The current Catholic teachings on the role of women in church and society uphold centuries of oppressing women.  Indeed, the "narrow" religious imagination of Catholic teaching needs to be blown out of the water and seen for what it is:  denying the truth that women are made in the image and likeness of God and can image Jesus.  There is no "male or female" in the religious imagination of a true Christian.  If Catholics can't get their heads around this truth, much of what they try to accomplish collectively will be difficult to consider seriously.
11 years 5 months ago

Clearly more women than men live the life of Faith, obvious in our churches not just these days but all the way back to Calvary’s “church” where women beneath the Cross outnumbered men  three days later, at the Tomb too. Although teaching that God is Father and saying “I and  the Father are One,” Jesus  didn’t flinch at identifying himself to women, to maternity, even to animal maternity, saying sadly, how often he tries to reach out to people – “like a Mother Hen” gathering her chicks under her wings,” not always successfully. There is something about the fidelity of a mother hen protectively caring for her chicks,  that appeals  to Jesus even now. The face of female   fidelity to Faith  delights him!
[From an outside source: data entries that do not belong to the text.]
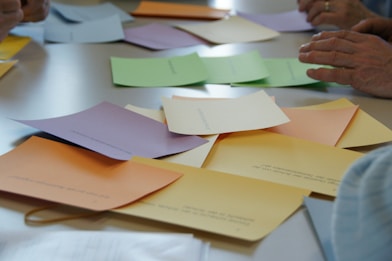 white printer paper on brown envelope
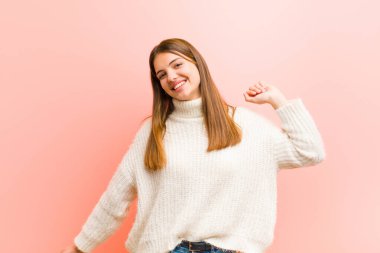 Genç, güzel bir kadın gülümsüyor, kaygısız, rahat ve mutlu hissediyor, dans ediyor ve müzik dinliyor, pembe arka plandaki bir partide eğleniyor.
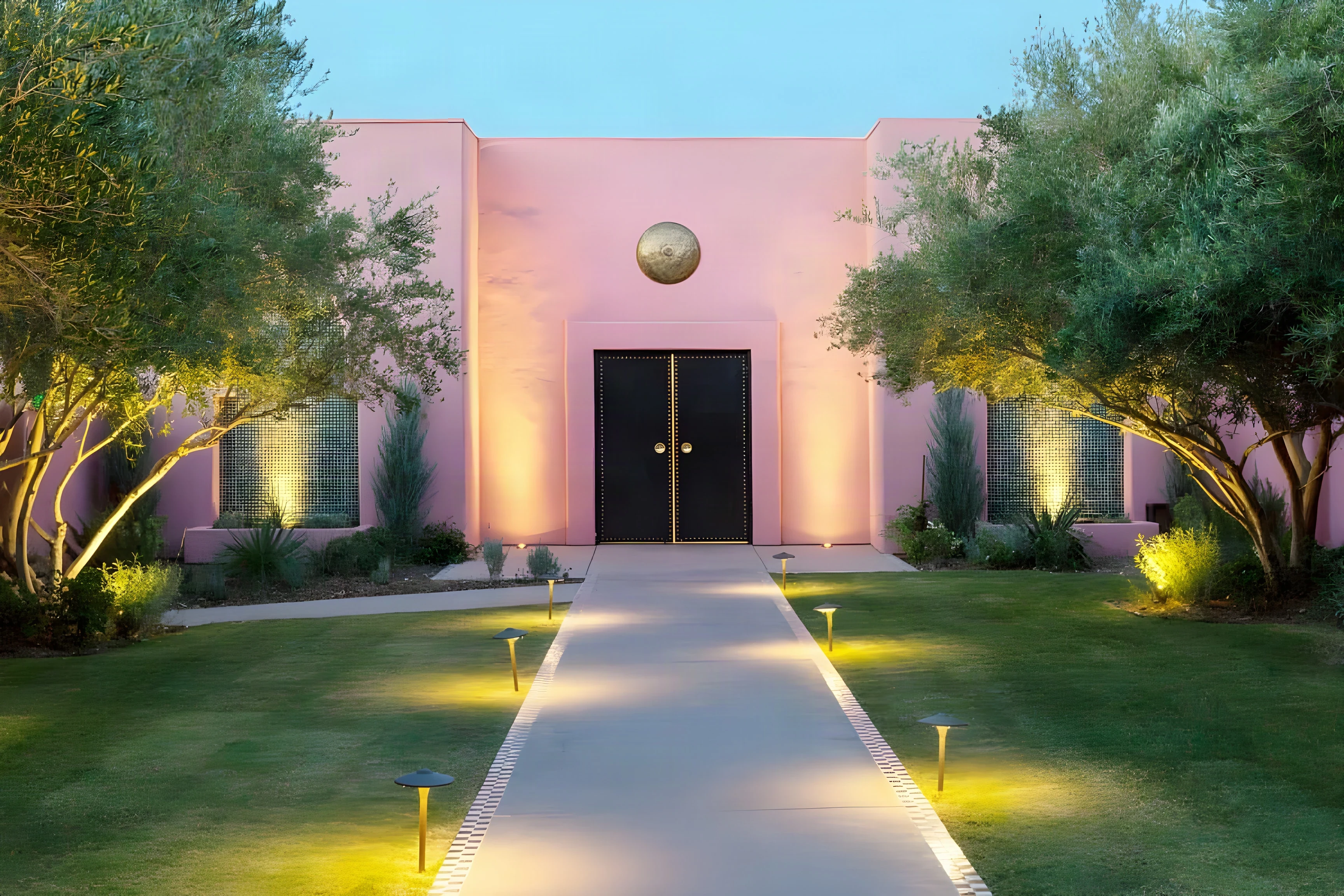 Pink stucco spa entrance at dusk with a lit garden path and olive trees in Indian Wells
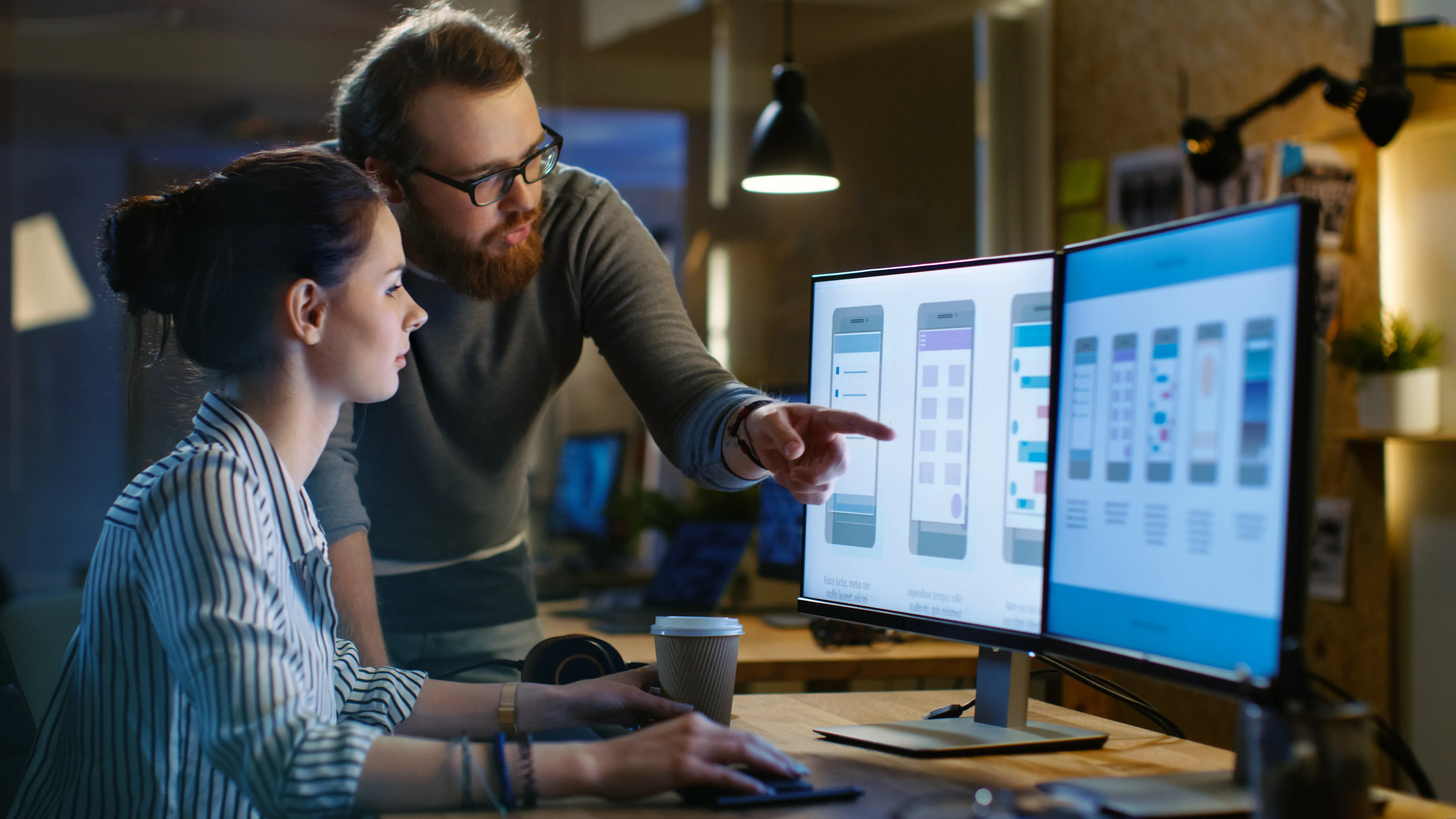 Two engineers reviewing dashboards on large monitors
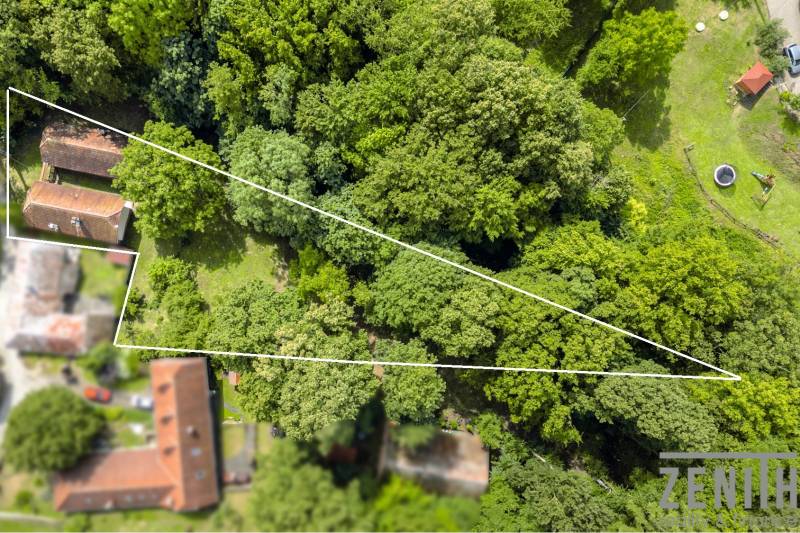 Aerial view of the land and buildings, surrounded by forest in Brezová pod Bradlom, Dzurákovci street.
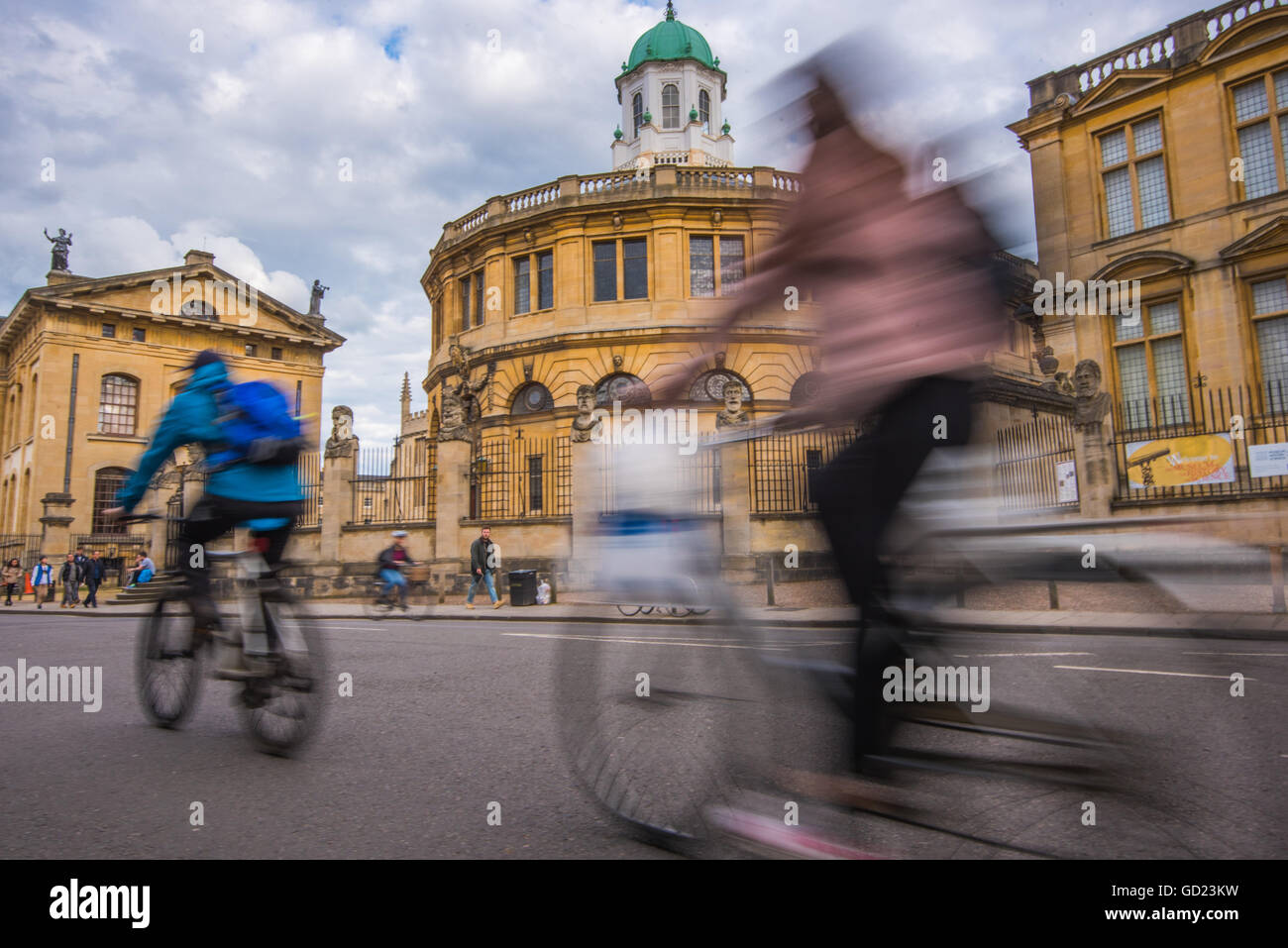 Les cyclistes passant le Sheldonian Theatre, Oxford, Oxfordshire, Angleterre, Royaume-Uni, Europe Banque D'Images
Saying a little more, Shekina, the  Holy Spirit of God femininely expressed in Hebrew, seems to have a special  love for woman – reciprocally  see what woman did for him in the person of the Son, without whose help Jesus’ salvific and redemptive mission could not happen, Shekina’s  spoken Word, Jesus, activated the umbilical connection of blood and nutrients between God and Man and “the Word became flesh.”  Nutrients and blood as in bread and wine, begin their transubstantiated  flow, the substance of the woman becoming the substance of the Man Jesus, a beautiful although inaccurate Eucharistic association.


 There, is the female face of Faith, a fidelity that allowed the Woman to say that her soul makes God look good – big, “My soul magnifies the Lord!”  That’s what feminine fidelity to Faith does for  God, it magnifies him, the womanhood of Mary is the “magnifier”  in which all woman somehow share. And  through Mary men too, in Jesus.  The female face of Faith is delightful, and through it the Church is well graced! When speaking of mystery, I fear one babbles like an infant uttering first words!

Lisa Weber
11 years 5 months ago
How is it then, that religions are so often repressive toward women?  And that religion is used as a justification for repression?  Something about it doesn't add up.